▶ What you have to do:
The task for the listing below is to write out exactly the lines starting at the one containing "All Photos for" and ending at the one containing "Regatta Great Outdoors", both included. Pictures are to be omitted.

▶ Source material:
________________________

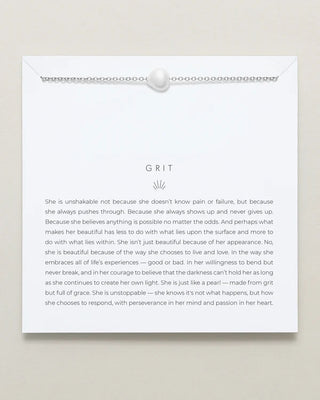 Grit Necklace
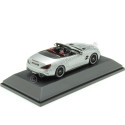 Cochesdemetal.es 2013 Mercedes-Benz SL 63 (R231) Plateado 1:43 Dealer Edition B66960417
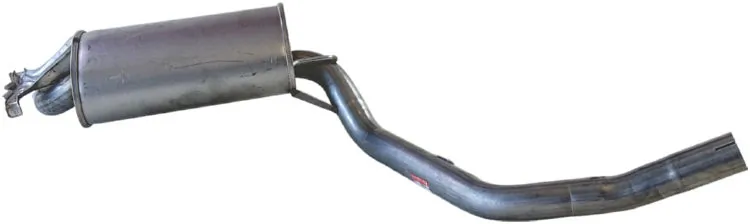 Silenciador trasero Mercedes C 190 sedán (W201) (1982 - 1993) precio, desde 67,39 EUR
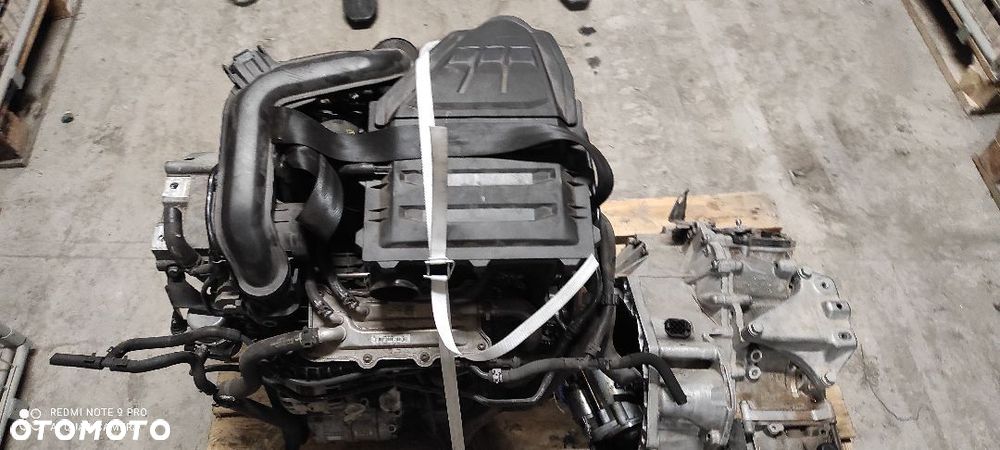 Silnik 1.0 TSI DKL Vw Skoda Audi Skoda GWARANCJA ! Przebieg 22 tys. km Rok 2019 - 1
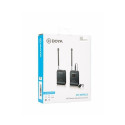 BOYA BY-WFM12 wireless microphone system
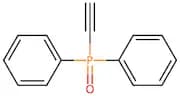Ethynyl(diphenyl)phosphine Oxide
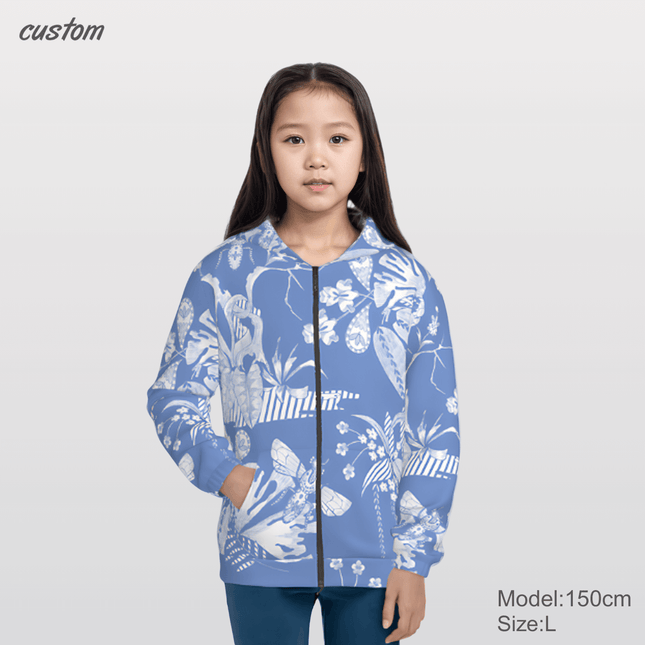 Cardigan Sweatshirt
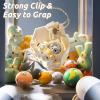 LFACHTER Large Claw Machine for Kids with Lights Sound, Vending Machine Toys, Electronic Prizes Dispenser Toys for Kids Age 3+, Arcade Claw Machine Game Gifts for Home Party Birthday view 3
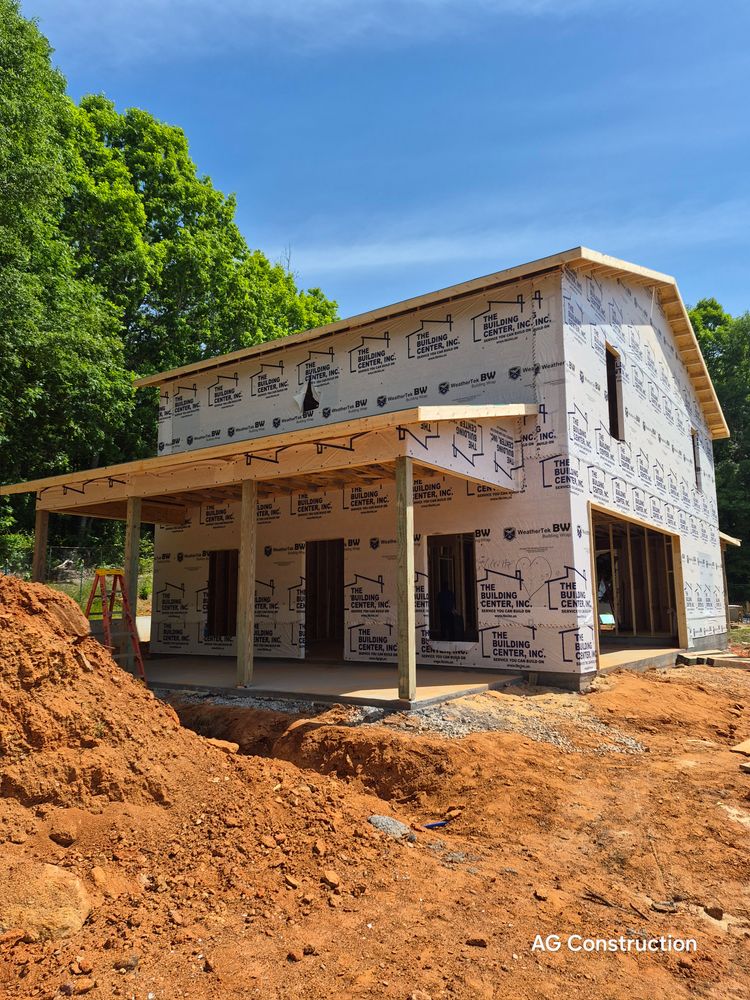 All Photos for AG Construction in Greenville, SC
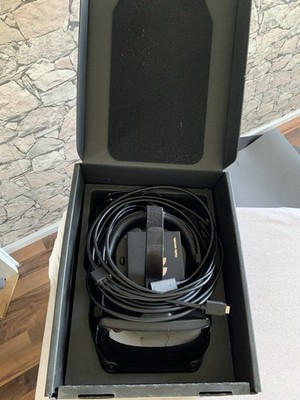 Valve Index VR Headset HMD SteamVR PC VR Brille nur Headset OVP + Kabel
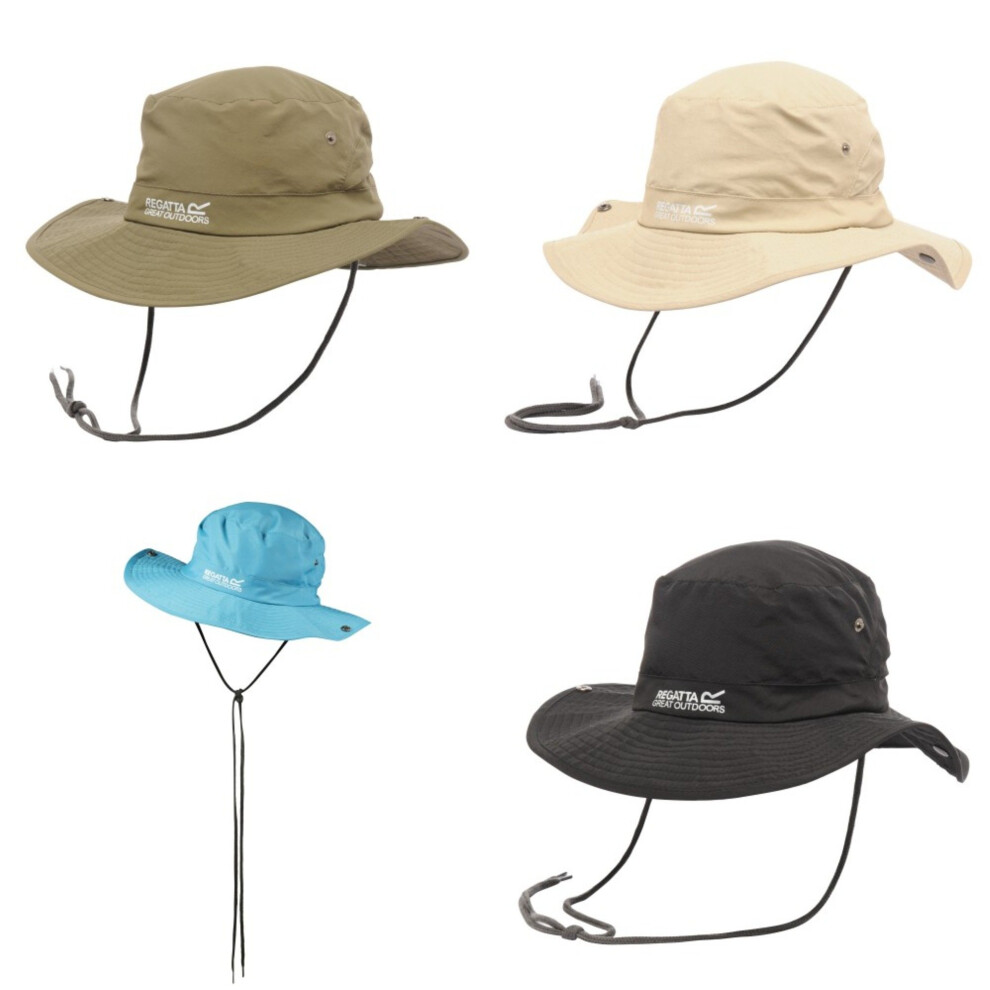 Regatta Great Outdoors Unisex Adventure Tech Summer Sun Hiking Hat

________________________

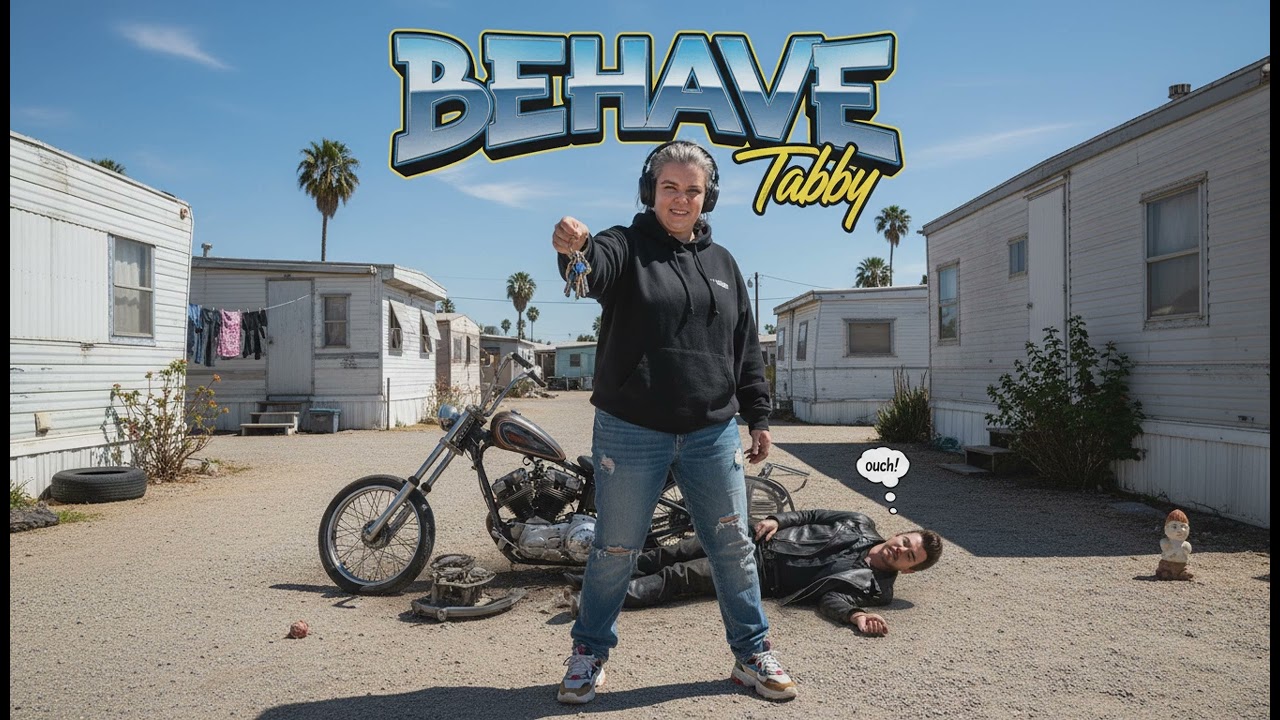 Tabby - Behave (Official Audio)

________________________

▶ Answer to the problem:
 All Photos for AG Construction in Greenville, SC
 Valve Index VR Headset HMD SteamVR PC VR Brille nur Headset OVP + Kabel
 Regatta Great Outdoors Unisex Adventure Tech Summer Sun Hiking Hat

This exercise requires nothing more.